I reached a dead end. A wall of foliage. I pinned my ears to the air, heard her thick breaths, the perspiring sounds of an addict and a smoker. She was waiting behind a tree. Hiding. Petrified and breathless.
I took her in my grasp for the second time. She was crying. Bawling her eyes out. Pleading and sobbing with every breath. I squeezed tighter and tighter until her eyes bulged. Her screams stopped. I used both of my hands to wring the life out of her like a wet towel.
She slumped. Lifeless and breathless in the still night air.
I was fully erect. I let her body drop. Eager for more.
I dismissed the thought of having sex with her. She disgusted me as much dead as she did alive, but when I began to manipulate her body, I felt something I have never felt before. It was a fulfillment and an excitement topped only by squeezing the last dregs of life out of her.
I finished her off with the tools in my boot. A pair of pliers for her bones. A scalpel for her flesh. I let the rain wash away the blood from my hands and face. It was reckless. It was risky. But it was fun. In the future, I will be more careful.
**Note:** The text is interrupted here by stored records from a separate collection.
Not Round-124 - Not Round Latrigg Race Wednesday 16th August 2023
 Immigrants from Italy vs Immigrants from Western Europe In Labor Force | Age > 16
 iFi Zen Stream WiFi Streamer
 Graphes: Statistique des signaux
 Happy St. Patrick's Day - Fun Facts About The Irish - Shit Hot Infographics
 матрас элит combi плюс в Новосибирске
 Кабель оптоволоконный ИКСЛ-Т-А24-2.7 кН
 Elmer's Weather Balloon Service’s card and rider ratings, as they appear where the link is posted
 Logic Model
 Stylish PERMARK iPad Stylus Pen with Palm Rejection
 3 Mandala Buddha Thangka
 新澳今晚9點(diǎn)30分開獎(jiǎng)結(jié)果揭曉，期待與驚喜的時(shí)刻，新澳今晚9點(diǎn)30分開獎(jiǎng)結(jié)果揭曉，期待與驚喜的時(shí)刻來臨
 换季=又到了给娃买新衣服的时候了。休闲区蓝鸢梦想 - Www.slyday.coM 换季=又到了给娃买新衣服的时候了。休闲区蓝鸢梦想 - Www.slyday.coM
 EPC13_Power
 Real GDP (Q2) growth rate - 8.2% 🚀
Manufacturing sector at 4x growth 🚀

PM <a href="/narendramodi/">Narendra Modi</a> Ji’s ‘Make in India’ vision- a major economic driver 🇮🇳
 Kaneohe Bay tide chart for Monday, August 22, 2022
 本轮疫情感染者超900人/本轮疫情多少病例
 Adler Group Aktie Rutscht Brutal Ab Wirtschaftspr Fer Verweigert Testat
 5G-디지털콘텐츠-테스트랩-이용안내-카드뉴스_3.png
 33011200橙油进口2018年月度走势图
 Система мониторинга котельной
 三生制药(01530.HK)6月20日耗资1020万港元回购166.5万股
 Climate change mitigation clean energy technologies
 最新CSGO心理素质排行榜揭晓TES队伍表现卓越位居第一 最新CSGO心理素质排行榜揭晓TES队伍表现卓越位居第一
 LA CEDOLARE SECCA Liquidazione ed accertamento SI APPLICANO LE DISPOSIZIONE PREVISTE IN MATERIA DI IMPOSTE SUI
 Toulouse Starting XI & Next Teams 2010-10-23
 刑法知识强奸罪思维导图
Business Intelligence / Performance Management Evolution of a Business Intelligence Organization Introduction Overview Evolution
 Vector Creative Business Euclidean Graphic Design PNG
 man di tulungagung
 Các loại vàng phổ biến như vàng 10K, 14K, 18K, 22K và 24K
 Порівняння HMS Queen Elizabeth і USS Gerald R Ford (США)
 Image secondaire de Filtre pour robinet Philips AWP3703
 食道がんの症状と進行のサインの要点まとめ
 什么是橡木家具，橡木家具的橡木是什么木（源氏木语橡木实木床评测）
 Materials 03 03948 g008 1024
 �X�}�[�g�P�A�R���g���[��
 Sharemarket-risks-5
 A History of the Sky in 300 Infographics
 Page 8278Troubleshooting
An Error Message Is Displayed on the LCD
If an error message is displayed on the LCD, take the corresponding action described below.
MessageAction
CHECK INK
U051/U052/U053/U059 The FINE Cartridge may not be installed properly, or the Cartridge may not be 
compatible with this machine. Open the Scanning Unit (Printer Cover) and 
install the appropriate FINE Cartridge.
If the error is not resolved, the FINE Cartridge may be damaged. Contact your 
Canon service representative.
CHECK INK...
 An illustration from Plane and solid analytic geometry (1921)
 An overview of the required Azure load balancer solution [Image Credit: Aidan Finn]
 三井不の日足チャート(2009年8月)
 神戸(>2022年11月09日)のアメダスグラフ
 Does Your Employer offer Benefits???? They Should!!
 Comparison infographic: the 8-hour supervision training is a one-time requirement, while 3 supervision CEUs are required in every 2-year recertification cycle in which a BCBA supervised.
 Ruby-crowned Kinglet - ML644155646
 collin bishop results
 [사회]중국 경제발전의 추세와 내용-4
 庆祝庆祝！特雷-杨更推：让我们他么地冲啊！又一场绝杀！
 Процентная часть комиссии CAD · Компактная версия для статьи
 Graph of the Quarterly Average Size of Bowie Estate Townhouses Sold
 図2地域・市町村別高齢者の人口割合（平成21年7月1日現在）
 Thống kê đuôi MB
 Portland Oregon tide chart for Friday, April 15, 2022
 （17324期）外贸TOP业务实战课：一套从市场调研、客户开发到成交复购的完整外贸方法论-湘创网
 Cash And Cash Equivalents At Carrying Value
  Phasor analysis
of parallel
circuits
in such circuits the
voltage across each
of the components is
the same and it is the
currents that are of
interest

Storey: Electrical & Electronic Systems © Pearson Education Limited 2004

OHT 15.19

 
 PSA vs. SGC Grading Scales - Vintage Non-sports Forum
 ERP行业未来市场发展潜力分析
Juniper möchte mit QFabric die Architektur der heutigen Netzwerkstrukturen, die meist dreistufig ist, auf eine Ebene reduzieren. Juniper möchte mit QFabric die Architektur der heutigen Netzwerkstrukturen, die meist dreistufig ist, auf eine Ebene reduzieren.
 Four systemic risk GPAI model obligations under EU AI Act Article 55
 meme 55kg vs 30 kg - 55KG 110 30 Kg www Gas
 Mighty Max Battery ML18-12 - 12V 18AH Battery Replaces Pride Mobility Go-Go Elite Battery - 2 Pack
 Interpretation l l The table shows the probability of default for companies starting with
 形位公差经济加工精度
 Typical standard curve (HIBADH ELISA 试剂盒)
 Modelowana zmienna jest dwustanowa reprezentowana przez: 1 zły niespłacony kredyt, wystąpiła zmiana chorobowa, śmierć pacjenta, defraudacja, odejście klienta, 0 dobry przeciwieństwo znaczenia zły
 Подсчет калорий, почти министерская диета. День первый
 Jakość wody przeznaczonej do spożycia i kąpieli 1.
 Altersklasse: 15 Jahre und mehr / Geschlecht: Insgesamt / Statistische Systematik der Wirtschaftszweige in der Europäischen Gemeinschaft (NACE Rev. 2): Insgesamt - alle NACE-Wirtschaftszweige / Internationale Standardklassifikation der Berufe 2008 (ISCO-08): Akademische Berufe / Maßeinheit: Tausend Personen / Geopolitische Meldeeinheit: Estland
Every killing had been documented. All twelve murders over the last five years, along with a few that hadn’t been attributed to The Butcher. I took great pleasure in reading about them, amazed that the image of The Butcher in my mind, an image created through years of avid reading and daydreaming, had now morphed into that of my father. It seemed illogical that he could have done such a thing, and yet he had.
I finished reading the macabre material, packed everything back in the box, and buried it back in the garden. I kept the key for myself, depositing it in my underwear drawer.
I didn’t know why my dad did what he did—why he started or why he continued—but it didn’t matter. He had done it. He had created a legend. He had created a God. Everyone feared him, everyone respected him, everyone revered him. And now what? Felled by something natural, something he couldn’t control … probably a heart attack, the cruelest and most primal of physiological failures. This wasn’t how great men died. It didn’t seem right. It wasn’t fair.
The press anticipated his killings with giddy glee—each succession of slaughter another front page for their newspaper and another twenty-minute slot for their prime-time news show. Everyone awaited news of his next victim, every emaciated prostitute who had little choice but to stand on the streets and sell her body for a fix; every trembling teenager forced to walk home alone; every otherwise physically capable adult who imposed their company on others to avoid being alone.
And now what? Their fear would grow, stagnate, and then, eventually, die. The Butcher would retire to the pages of history. An interesting segment in a book of unsolved crimes. His legend, borne of fear, reverence, and spectacular brutality, would fade with an anti-climactic whimper.
It was obvious what I had to do. I would like to say that I deliberated over it for a few days and maybe even suffered a series of sleepless nights. That would make sense, after all. But there was no deliberation, no sleepless nights. I had made my mind up before I had even realized the full extent of what my father had created.
I had to take over. I had to continue my father’s legend. I had to become The Butcher.